Shocked? You should be; disasters happen. Focusing on a disaster’s effects, rather than causes, is helpful for BC/DR planning to find a solution more quickly. All effects generally fall into one of four categories: workforce shortage, loss of technology, loss of facilities or failure in the supply chain. This article discusses loss of technology and facilities, and what organizations can do to prepare ahead of a disaster.

Ideally, operations should continue or resume quickly after a disaster. Failure to do so can mean loss in business and trust. The recovery methodology should be reliable, predictable and at a manageable cost. Critical personal and business data should be protected and secure throughout the process. A typical recovery involves a bottom-up approach with the following steps:

  1. Identify the location. When an outage occurs, management should assess a course of action and decide where the recovery will occur.
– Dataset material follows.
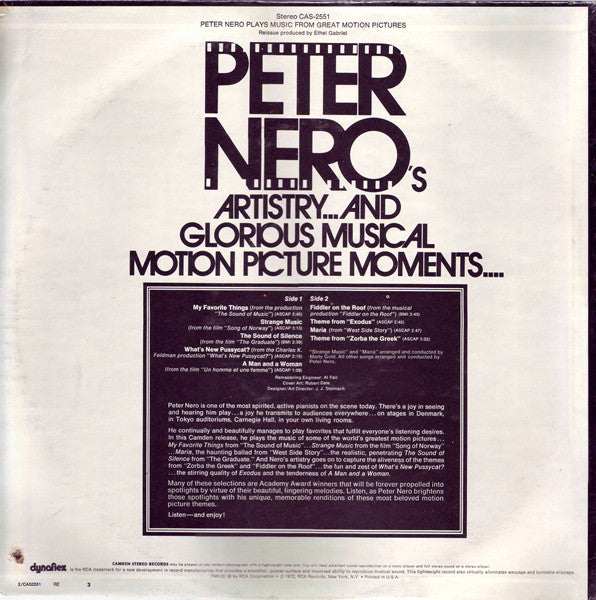 Peter Nero - Peter Nero Plays Music From Great Motion Pictures - LP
This could be another location you own, a third-party facility or a cloud service provider.
  2. Recover the data. Do you know what data you had at the time of the disaster? What data can you recover? How will you handle the rest?
  3. Re-host applications. The applications need to be restarted, possibly on bare metal servers that are different from what you had at the primary location. The recovery may include OSes and device drivers unique to the new equipment. The use of VMs might help hide some of those differences, but now isn’t the time to figure out a physical-to-virtual deployment.
  4. Human success factors. Don’t just focus on the technological aspects. Also, look at what I call my “five Cs:” Command and control; communication and collaboration; telephone and network connectivity; contingency; and counseling. Your staff may be scattered, with some at the primary location, at the DR facility or somewhere else altogether.
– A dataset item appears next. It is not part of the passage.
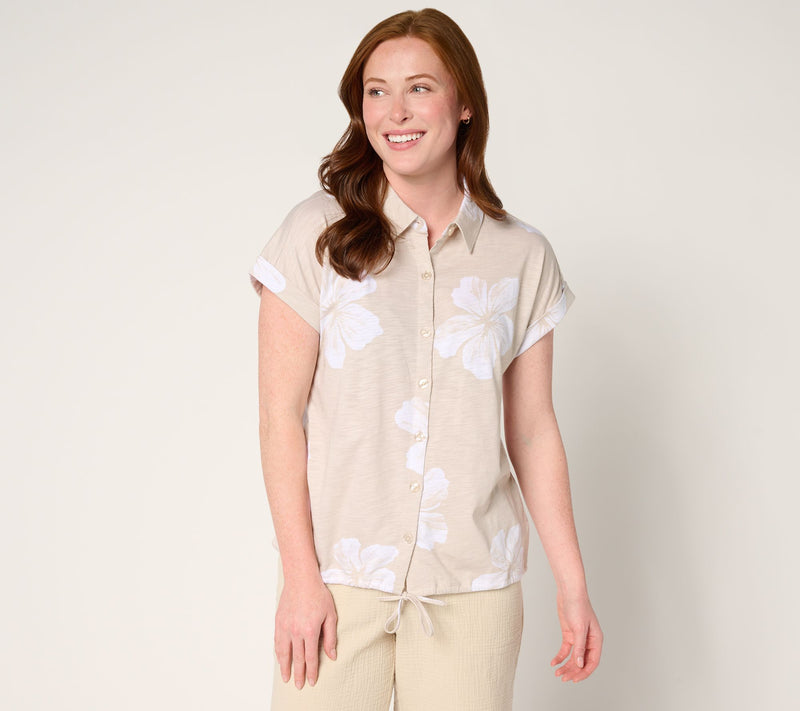 Belle by Kim Gravel Aloha Awaits Drawstring Button Up Top — View 14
Two metrics are used to measure DR: recovery point objective (RPO) and recovery time objective (RTO). The technology employed determines the RPO. This is the time from when the data was backed up to the time the disaster happened. Backing up to tapes once per day represents a 24-hour RPO. Mirroring data to flash and disk located at the disaster facility reduces this down to seconds.

The automation employed determines the RTO. This is the time from when the disaster happened, to the time your business process is operational again. This includes the time for management to assess the situation, recover the data, re-host the applications and correct any partial or incomplete transactions. Depending on how manual or automated your recovery is, this can be measured in days, hours or minutes.

Plan of Action

While the recovery itself is bottom-up, the BC/DR plan itself should be developed top-down.
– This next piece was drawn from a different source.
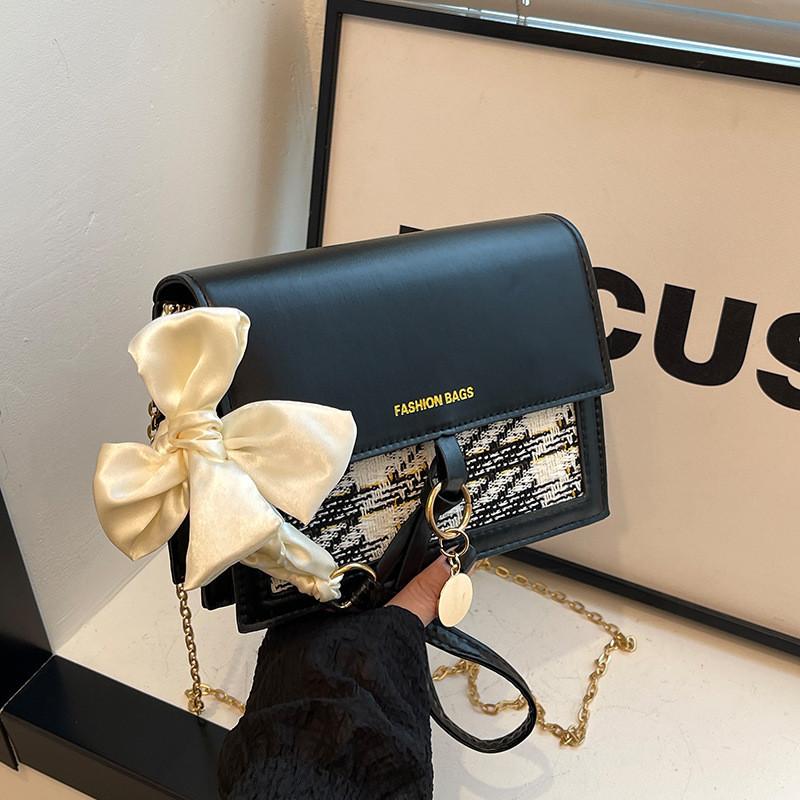 Scarf Silk Lattice Pattern Single Shoulder Crossbody Bag Handbag Women Gift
Focus first on the business process as a unit of recovery. Let’s take payroll as an example. Payroll involves three applications: gathering the hours each employee worked, performing some business logic such as calculating tax withholdings, and then printing checks or sending funds electronically via direct deposit. It does no good to only recover one or two of those applications; you need all three to run payroll.

For each business process, prioritize its importance after a disaster. Be pragmatic: Use categories like gold, silver and bronze to rank each and assign a desired RTO for each category (e.g., gold business processes need to be operational in four hours, silver in 48 hours and bronze within two weeks).

Identify the applications and data required to support each business process and the needed server, storage and network infrastructure. Can these run in a cloud? Do you have what you need at your designated DR facility?

IBM conference attendees in 1983 documented a standard set of DR levels. The business continuity tiers were ranked from “least expensive, longest time to recover” to “most expensive, fastest recovery,” and have stood the test of time (see Figure 1). Over three decades later, these are still the standards used for BC/DR planning:

BC Tier 1: Restore from offline media, most often tape
Typically, backup tapes are created and periodically shipped to an offsite storage facility. Depending on how often this happens, the organization must be prepared to accept several days to weeks of data loss. Recovery will require someone to pick up these tapes and take them to the recovery location.

BC Tier 2: Tapes in a hot site
Similar to Tier 1, but with the offline media shipped to the designated recovery location. A “hot site” implies servers, storage and network equipment are already in place to perform recovery from these backup tapes.

BC Tier 3: Electronic vaulting
Rather than shipping physical media, data is transmitted electronically and stored on tapes or other media at the recovery location. This eliminates many of the problems associated with boxing up backup tapes, providing them to couriers and having them received at the recovery site.

BC Tier 4: Point-in-time copies
Flash and disk storage data can be copied at specific points in time (e.g., every four hours) and electronically sent to the recovery facility. When a disaster occurs, the point-in-time copies may need to be cleaned up for partial or incomplete transactions that were in play at the time the copies were made.

BC Tier 5: Application/database integration
For some business processes, transactional integrity is critical. By integrating with specific application or database capabilities, BC Tier 5 provides for little or no data loss. This can be accomplished by sending transactions to secondary copies of the databases at the recovery locations. This is sometimes called log shipping or database shadowing. Unfortunately, this only addresses the subset of data and applications that support this, leaving all unstructured data to be recovered some other way.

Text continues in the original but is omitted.